When you’re dealing with medical debt, it can be hard to determine what you are being charged for. Depending on your insurance (assuming you have insurance) it isn’t always clear in the first place just how much you might owe.

Services might sometimes overlap or be described in technical language, and there can be billing for any variety of tests, medicine, use of equipment, or time spent with doctors or specialists.

Hospital bills can be particularly hard to break down. Sometimes insurance companies won’t pay what they said they would, and doctors or hospitals will bill you for unexpected items you thought were supposed to be covered by your healthcare plan.
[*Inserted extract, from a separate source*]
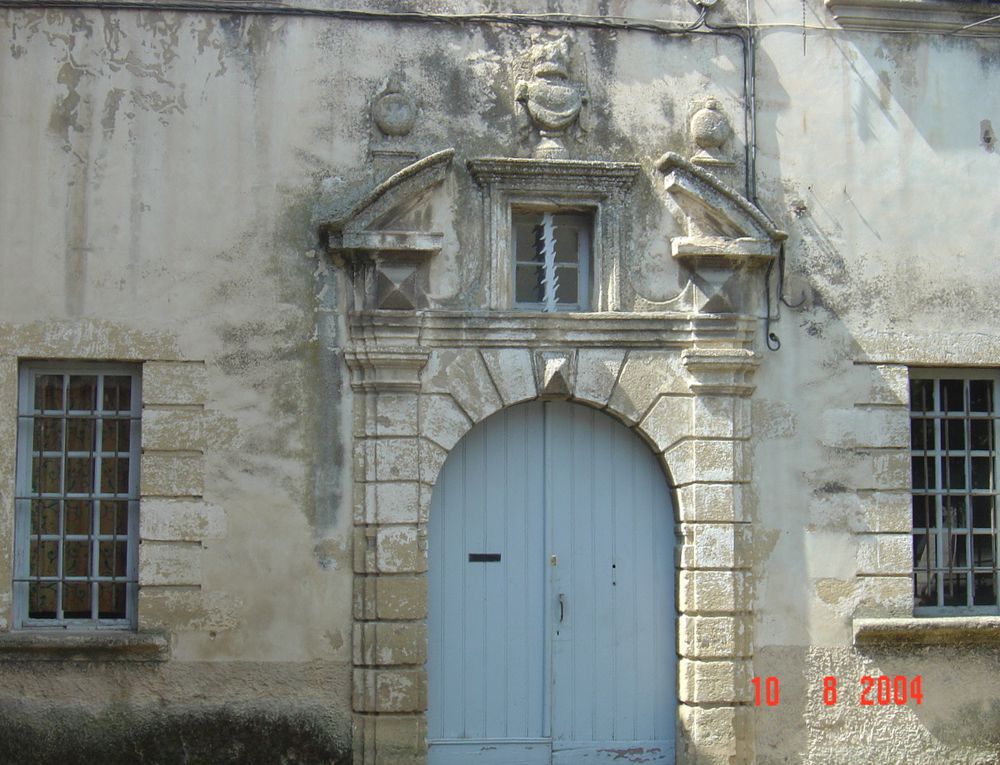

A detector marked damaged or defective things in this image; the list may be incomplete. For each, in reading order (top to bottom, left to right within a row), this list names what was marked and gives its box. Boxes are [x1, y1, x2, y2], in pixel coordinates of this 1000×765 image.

broken pediment [320, 149, 454, 310]
broken pediment [656, 152, 788, 314]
There can also be issues of duplicate billing and other mistakes that are hard to track down. Plus, your bills might be staggered so that you don’t actually know the total cost of what you owe.

For all these reasons, it’s crucial to be very careful and thorough when dealing with your medical bills to ensure that you aren’t paying more than you should be. Unfortunately, this can mean a lot of time on the phone clarifying every potential issue as it arises.

Otherwise, these issues can be buried in paperwork. It’s also essential to keep thorough and accurate records so you have a reference point whenever a new question arises.

One of the best things to do is familiarize yourself with your insurance plan’s explanation of benefits (EOB). This isn’t always clear, but you can get a better understanding of the types of procedures you’re covered for.

You can also find out what percentage you’re responsible for, and what medical providers are considered in-network versus out-of-network, or Tier 1 versus Tier 2. If you’re confused, call your healthcare company for clarity.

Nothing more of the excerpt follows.